* _EXERCISE DIRECTIONS_
All lines from the one containing "Декоративная пасхальная граница" through the final line of the listing below, and no others, must be returned exactly; no pictures belong in the copy.

________

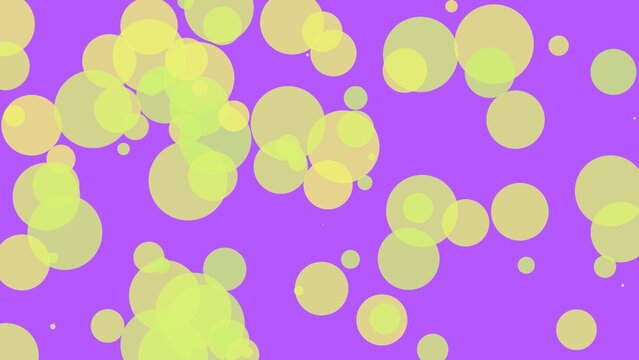 Pretty Gradient Yellow Circles On Purple Background Computer Wallpaper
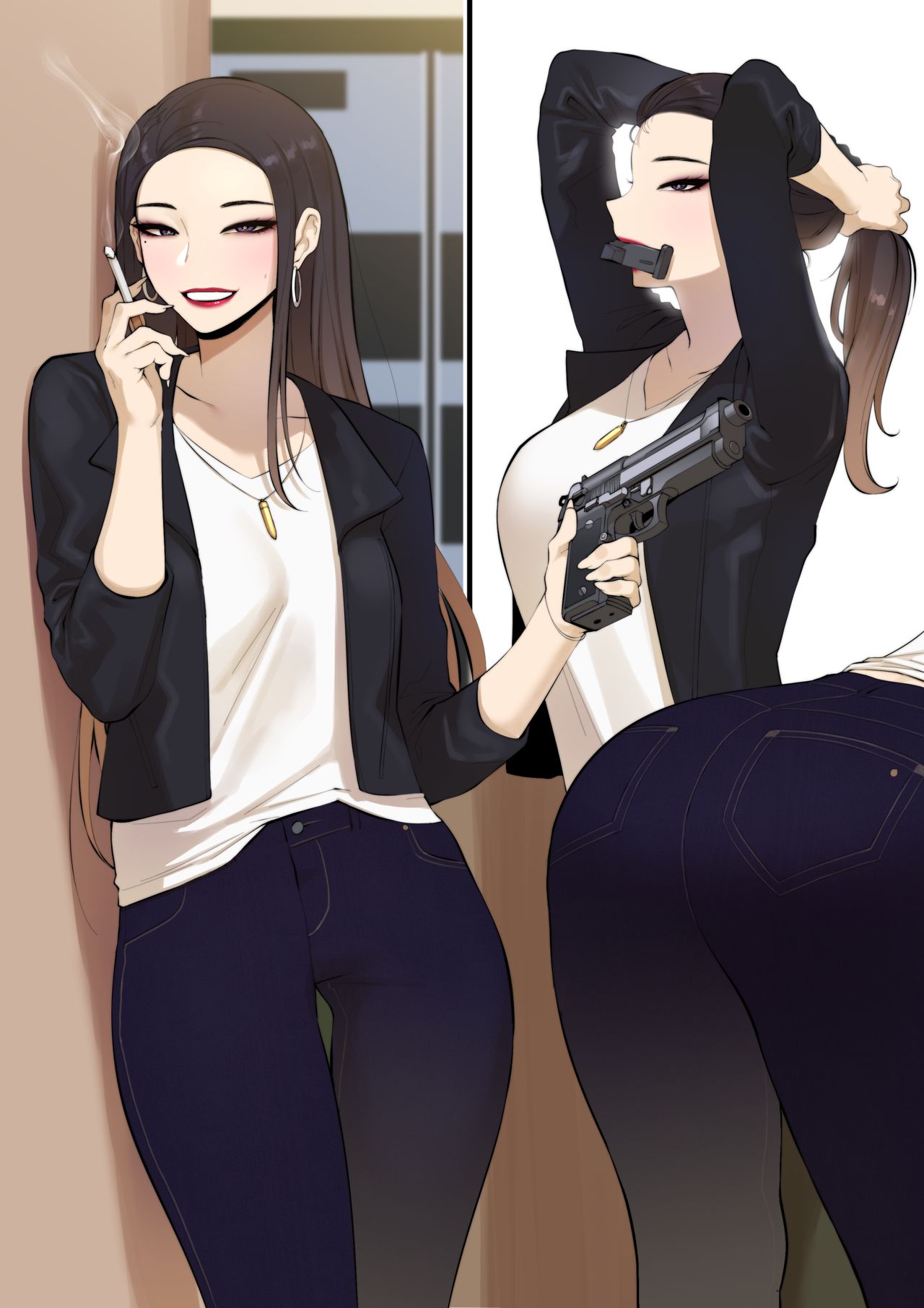 It’s Normal for us to Have Sex if You Lose Right? Gun edition – Chapter 1 – page 31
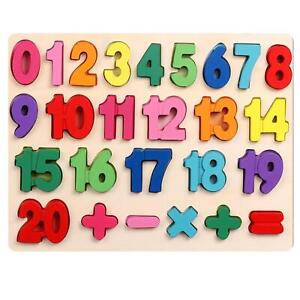 Wooden Alphabet Number Puzzle ABC Letter Number Shape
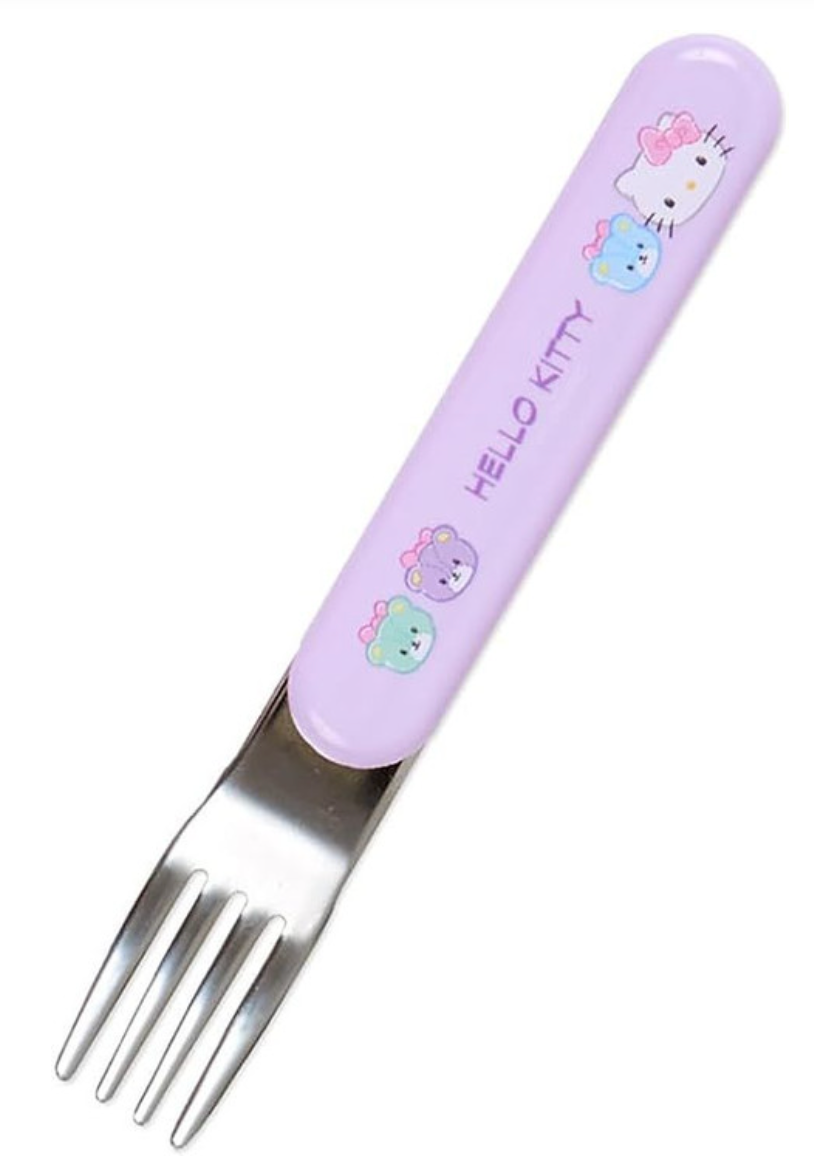 Sanrio Original Bento Lunch Cutlery Set Spoon Fork - Hello Kitty : Pink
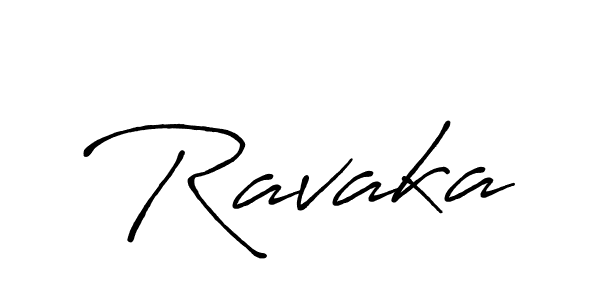 Make a beautiful signature design for name Ravaka. With this signature (Antro_Vectra_Bolder) style, you can create a handwritten signature for free. Ravaka signature style 7 images and pictures png
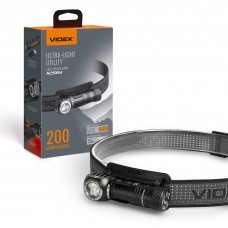 Портативний світлодіодний ліхтарик VIDEX VLF-A056H 200Lm 5000K Портативний світлодіодний ліхтарик VIDEX VLF-A056H 200Lm 5000K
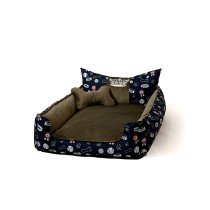 Pet bed GO GIFT L Bronze 90 x 16 x 50 cm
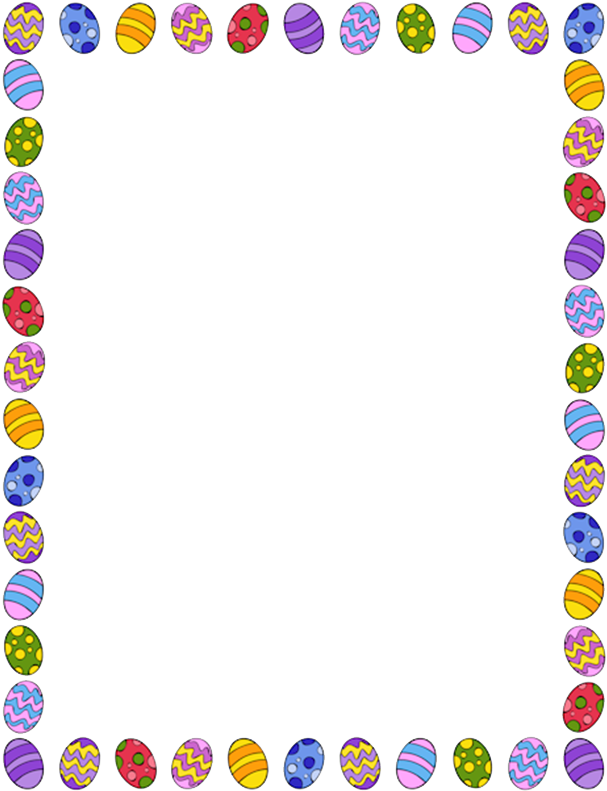 Декоративная пасхальная граница PNG прозрачное изображение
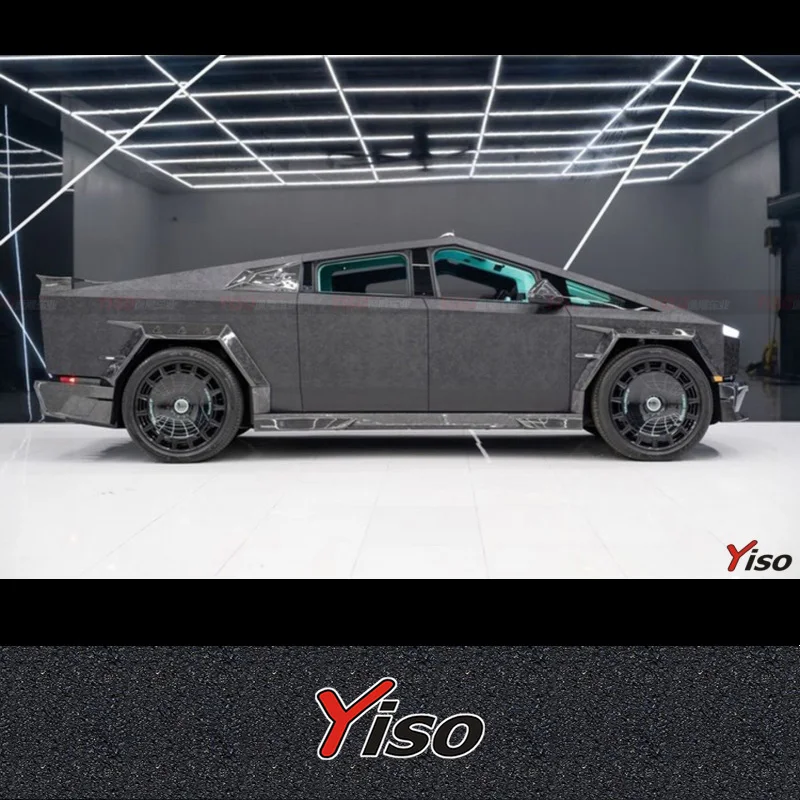 For Cybertruck MSY Carbon Fiber Body Kit Cybertruck MSY Front Lip Diffuser Spoiler Hood Wheel Arch Widebody Kit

________

* _SOLVED EXERCISE_
 Декоративная пасхальная граница PNG прозрачное изображение
 For Cybertruck MSY Carbon Fiber Body Kit Cybertruck MSY Front Lip Diffuser Spoiler Hood Wheel Arch Widebody Kit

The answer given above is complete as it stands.